# Basin Bayou



## Amarillo Palmira (Jan 2, 2010)

Anybody have a way to get into there and how is the fishing in there? Are there any largemouth? It looks awesome from Avalon Blvd. Thanks, Amarillo


----------



## LRDD (May 23, 2011)

You can get in from the bay but have to be careful going in, the channel that runs by Nick's resturant is very shallow and the bridge you have to go under is very low. I have fly fished and slayed the bream in there a lot, bass fishing has always been hit or miss but I have caught a few nice ones in there.


----------



## Sailor50 (Nov 8, 2007)

There is a boat ramp at Nicks Seafood restaurant on the south side of the bridge. He said it was free to use, I would just check first at the restaurant. You have to cross under Hwy 20 bridge, maybe 3-4' clearance, depending on water level. 










If you have an Eglin Permit (From Jackson Guard in Niceville) 
107 Highway 85 North
Niceville, FL 32578
(850)-882-4164
you can use their camping area on the bayou.

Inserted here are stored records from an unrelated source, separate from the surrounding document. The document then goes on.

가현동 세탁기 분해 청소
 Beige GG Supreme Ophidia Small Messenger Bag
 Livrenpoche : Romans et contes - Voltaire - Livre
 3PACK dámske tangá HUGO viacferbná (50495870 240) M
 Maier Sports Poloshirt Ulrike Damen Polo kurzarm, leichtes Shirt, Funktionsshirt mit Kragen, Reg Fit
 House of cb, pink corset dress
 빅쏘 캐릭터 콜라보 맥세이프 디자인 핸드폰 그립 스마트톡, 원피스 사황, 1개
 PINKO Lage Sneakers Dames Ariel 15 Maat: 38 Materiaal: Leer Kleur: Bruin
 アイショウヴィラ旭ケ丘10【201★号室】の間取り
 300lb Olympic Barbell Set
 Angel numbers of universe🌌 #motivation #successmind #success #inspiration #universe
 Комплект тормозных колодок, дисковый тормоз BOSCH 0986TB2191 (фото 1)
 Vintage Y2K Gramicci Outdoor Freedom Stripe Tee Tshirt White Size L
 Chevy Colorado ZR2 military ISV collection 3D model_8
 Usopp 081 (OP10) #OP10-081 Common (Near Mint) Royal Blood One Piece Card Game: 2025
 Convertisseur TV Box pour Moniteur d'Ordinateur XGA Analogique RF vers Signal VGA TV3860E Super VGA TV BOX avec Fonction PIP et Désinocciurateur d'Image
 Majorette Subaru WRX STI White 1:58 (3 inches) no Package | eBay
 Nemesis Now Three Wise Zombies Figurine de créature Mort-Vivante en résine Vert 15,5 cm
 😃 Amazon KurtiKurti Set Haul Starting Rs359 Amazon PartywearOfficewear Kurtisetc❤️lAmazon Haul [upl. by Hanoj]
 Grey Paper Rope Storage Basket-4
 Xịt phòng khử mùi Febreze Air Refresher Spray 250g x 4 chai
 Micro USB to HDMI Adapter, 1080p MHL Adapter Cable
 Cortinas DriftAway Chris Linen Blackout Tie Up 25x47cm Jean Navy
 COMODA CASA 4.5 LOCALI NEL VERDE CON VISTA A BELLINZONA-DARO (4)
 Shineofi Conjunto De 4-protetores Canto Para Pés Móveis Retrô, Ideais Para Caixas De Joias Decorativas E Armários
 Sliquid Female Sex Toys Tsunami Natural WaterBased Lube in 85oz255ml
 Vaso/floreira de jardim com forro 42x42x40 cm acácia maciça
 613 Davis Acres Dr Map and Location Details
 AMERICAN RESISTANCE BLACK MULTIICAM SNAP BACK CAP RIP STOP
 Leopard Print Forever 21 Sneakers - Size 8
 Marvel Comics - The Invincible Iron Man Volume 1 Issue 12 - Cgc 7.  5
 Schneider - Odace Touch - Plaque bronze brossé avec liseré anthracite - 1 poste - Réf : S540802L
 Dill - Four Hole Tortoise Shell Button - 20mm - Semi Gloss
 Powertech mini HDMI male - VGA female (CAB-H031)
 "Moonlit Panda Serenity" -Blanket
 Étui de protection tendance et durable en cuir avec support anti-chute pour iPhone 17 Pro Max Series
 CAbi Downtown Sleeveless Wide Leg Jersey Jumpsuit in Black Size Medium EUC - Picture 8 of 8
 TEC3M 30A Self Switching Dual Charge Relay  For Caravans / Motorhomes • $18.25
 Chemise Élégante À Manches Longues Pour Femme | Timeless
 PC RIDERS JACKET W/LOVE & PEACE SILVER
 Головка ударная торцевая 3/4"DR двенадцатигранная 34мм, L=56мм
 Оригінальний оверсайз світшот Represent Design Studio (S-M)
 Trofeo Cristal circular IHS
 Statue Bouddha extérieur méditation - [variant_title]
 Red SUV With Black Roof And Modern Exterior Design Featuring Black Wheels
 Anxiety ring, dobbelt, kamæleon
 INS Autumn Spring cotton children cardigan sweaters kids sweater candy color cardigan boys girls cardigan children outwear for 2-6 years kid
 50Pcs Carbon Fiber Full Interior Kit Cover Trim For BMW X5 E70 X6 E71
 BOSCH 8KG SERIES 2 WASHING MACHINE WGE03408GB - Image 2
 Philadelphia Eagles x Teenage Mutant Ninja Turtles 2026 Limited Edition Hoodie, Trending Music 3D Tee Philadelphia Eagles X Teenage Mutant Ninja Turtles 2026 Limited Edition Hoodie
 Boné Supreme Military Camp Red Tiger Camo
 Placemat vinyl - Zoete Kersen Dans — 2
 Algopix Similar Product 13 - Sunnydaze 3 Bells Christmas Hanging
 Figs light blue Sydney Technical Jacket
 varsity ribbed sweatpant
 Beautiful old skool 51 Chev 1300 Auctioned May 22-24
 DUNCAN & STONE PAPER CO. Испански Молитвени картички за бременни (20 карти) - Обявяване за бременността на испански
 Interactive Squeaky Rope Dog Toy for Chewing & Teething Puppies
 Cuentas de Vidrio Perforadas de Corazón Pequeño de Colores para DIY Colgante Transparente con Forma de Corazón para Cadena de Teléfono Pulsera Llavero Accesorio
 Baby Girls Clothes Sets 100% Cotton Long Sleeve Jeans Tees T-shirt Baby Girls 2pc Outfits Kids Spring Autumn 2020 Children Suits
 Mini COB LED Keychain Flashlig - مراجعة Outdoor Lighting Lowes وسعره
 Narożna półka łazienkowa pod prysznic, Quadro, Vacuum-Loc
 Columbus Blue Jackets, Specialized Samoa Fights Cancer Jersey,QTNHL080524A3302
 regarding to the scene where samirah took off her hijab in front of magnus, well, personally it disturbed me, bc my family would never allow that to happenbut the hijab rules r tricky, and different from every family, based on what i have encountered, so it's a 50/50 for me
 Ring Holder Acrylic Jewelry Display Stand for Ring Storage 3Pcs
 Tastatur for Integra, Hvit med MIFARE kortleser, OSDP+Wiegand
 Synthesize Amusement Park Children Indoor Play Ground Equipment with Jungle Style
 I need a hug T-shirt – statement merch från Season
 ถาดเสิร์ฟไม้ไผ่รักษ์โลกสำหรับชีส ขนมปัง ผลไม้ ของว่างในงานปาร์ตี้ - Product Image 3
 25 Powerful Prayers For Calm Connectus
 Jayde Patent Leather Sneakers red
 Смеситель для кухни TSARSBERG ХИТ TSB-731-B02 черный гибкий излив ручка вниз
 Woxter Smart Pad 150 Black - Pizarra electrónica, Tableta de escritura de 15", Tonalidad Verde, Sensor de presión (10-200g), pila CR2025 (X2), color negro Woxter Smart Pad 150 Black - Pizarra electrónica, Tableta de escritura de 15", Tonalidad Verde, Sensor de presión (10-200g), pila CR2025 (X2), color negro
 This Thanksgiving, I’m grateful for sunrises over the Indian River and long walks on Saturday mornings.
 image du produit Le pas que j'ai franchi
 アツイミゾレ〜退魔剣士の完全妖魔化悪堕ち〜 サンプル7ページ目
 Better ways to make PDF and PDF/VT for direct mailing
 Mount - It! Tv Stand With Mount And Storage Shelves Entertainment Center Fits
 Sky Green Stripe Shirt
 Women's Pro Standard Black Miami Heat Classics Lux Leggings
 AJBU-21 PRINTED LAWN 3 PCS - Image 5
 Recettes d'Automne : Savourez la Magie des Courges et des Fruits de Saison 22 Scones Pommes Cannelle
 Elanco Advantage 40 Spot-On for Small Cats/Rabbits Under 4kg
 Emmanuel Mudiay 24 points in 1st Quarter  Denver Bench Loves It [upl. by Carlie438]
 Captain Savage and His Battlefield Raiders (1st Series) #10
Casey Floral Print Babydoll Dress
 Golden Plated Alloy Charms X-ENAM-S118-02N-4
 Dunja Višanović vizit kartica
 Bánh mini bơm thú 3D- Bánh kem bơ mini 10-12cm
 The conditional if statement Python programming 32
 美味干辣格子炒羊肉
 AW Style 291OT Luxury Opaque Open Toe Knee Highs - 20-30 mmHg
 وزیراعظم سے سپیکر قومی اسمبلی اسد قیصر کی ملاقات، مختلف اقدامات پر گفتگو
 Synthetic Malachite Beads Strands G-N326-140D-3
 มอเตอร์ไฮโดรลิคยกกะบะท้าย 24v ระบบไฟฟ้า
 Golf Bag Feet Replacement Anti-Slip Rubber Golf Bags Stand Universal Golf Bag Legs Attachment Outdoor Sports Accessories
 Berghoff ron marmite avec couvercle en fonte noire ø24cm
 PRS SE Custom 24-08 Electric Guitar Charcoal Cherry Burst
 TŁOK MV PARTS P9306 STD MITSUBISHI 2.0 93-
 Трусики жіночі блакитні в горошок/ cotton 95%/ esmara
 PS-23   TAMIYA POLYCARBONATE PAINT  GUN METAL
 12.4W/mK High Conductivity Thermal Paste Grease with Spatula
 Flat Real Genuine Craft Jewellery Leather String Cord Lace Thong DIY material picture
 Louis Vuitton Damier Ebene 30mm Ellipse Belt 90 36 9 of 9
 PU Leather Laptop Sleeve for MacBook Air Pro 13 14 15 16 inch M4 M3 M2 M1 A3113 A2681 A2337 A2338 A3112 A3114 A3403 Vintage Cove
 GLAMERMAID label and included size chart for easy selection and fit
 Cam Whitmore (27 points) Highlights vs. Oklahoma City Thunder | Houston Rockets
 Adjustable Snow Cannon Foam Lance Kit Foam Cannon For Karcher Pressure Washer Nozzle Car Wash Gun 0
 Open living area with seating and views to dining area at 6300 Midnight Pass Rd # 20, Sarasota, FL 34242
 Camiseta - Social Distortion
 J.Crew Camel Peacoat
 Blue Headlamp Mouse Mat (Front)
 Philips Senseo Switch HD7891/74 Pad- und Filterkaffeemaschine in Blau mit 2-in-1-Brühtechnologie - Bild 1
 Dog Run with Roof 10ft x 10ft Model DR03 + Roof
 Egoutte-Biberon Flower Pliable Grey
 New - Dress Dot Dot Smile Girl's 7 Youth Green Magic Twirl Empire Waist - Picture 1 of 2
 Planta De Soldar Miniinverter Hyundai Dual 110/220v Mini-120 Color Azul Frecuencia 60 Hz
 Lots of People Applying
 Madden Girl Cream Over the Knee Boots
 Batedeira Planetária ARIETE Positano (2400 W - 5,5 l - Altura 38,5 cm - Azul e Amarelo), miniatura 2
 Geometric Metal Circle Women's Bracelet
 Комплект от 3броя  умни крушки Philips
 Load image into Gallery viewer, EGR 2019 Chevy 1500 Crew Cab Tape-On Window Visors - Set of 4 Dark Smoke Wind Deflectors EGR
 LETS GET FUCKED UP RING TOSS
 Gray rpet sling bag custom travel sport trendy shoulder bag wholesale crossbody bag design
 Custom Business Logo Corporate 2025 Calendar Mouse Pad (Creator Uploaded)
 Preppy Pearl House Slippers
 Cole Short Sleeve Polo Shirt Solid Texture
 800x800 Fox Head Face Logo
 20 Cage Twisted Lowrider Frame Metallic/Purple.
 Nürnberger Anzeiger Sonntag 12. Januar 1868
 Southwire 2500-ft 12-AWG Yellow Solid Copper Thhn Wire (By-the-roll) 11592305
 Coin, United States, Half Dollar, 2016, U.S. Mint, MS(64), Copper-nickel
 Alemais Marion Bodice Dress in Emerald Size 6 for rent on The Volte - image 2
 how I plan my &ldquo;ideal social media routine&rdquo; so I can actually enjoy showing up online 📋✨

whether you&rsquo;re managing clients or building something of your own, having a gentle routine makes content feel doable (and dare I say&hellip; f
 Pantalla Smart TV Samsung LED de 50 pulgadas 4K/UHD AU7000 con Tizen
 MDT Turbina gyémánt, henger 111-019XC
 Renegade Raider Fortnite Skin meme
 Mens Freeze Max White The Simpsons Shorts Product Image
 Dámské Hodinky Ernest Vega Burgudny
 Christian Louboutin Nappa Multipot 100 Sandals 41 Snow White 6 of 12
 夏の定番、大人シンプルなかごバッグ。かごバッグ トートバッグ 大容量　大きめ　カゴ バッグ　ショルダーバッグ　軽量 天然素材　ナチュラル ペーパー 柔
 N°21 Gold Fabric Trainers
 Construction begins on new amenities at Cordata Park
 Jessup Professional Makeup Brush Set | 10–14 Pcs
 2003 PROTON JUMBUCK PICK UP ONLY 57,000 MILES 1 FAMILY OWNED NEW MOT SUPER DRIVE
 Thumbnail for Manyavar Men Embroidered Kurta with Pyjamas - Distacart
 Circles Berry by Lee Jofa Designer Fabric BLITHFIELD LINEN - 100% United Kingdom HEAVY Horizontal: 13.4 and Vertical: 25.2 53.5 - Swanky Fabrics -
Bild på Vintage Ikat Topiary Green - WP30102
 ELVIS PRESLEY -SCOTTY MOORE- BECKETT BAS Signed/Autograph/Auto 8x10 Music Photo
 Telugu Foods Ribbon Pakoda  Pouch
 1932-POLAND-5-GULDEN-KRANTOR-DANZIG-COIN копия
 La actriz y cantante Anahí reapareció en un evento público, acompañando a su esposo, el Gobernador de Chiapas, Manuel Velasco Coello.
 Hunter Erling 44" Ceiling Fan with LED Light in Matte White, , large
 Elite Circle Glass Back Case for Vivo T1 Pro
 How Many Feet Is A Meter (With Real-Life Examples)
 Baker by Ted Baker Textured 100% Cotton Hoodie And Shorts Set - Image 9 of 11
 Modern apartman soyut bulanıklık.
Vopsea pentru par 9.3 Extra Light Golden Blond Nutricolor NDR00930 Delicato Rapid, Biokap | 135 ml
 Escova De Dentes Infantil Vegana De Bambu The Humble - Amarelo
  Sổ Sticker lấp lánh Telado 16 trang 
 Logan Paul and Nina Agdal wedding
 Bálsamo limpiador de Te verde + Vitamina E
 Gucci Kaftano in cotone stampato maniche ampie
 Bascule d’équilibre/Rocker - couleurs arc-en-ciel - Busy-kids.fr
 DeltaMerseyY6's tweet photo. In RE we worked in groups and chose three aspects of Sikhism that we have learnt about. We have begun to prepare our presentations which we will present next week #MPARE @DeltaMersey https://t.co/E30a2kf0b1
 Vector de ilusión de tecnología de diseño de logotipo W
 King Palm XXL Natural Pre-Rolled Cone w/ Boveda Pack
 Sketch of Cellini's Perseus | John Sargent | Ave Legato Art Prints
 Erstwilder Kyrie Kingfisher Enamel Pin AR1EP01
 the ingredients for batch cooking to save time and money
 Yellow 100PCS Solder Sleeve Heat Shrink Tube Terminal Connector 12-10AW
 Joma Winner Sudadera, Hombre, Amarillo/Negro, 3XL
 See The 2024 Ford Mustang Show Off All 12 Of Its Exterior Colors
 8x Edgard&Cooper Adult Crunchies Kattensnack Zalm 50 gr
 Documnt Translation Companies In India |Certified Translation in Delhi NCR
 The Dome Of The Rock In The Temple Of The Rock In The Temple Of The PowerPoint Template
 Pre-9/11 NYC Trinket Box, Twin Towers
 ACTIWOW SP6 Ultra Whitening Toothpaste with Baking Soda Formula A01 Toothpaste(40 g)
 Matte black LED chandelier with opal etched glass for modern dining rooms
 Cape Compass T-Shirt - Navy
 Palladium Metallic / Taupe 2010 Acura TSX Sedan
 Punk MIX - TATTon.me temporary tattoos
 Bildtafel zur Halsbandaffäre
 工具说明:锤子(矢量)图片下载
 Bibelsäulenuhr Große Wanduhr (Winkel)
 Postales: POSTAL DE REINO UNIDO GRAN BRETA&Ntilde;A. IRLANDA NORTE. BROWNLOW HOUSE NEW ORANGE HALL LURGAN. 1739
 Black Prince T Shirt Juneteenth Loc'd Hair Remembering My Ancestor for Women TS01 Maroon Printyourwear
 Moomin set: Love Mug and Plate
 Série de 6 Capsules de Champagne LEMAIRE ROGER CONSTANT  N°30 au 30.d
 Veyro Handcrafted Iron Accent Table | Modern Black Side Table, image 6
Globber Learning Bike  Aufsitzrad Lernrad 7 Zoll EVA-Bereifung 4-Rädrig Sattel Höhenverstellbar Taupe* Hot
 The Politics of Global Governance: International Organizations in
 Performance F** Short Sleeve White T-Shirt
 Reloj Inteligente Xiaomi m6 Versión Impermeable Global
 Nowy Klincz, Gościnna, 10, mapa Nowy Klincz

It has a dirt ramp you can launch small boats from. Jackson Guard will give you a map of Eglin that has it on it and explain the rules. To get to it, you head east on Hwy 20 past Nicks Seafood around 3 miles. Turn left at the sign for Basin Bayou and follow the dirt road. If you get to a Y intersection, bear left. It can be wet/muddy after a rain with some deep holes on the road.










Not sure about the bass/bream, but redfish/trout are there. 

As a matter of interest, most of the testing during the Vietnam days for Agent Orange was done on a range just north west of Basin Bayou and a lot of the runoff went into Basin Creek. You can google it for more info. Thats why a lot of Eglins lakes and ponds are catch and release only.


----------



## MrFish (Aug 21, 2009)

> As a matter of interest, most of the testing during the Vietnam days for Agent Orange was done on a range just north west of Basin Bayou and a lot of the runoff went into Basin Creek. You can google it for more info. Thats why a lot of Eglins lakes and ponds are catch and release only.


Hmmmmm


----------



## Amarillo Palmira (Jan 2, 2010)

thanks everybody! The agent orange deal is a little spooky.


----------



## kanaka (Oct 3, 2007)

I remember seeing a controlled burn in that area in the mid 80s. Was two separate fires that kinda merged. Rumor control said anything that came thru the middle escaping the fire was shot, killed and hauled off.


----------



## knowphish (Apr 26, 2010)

EZ on the way in. Any shallow draft can get in. You might need to walk it through on a low tide. My first time, on the first 4 casts, 1 Red, 1 Spec, 2 bass. We were in a 20' Back Country, so it's not too bad!!!


----------



## FishWalton (Jul 22, 2010)

Good postings on Basin Bayou. The camp area is primative but very nice there on the water. LRDD is correct on the bass and bream. It was like that even back when I was a teen ager. WoodDuck hunting on the creek at the north end of the bayou was outstanding as well. crabbing was outstanding in the pass from the bay to the bayou. Not sure about today. Glad to see Basin Bayou mentioned here. I need to give it a try soon and bring back some nice old memories.


----------



## baldona523 (Mar 2, 2008)

I have caught chain pickeral and bass up that creek from a canoe many times. Never kept them, glad I did not now.


----------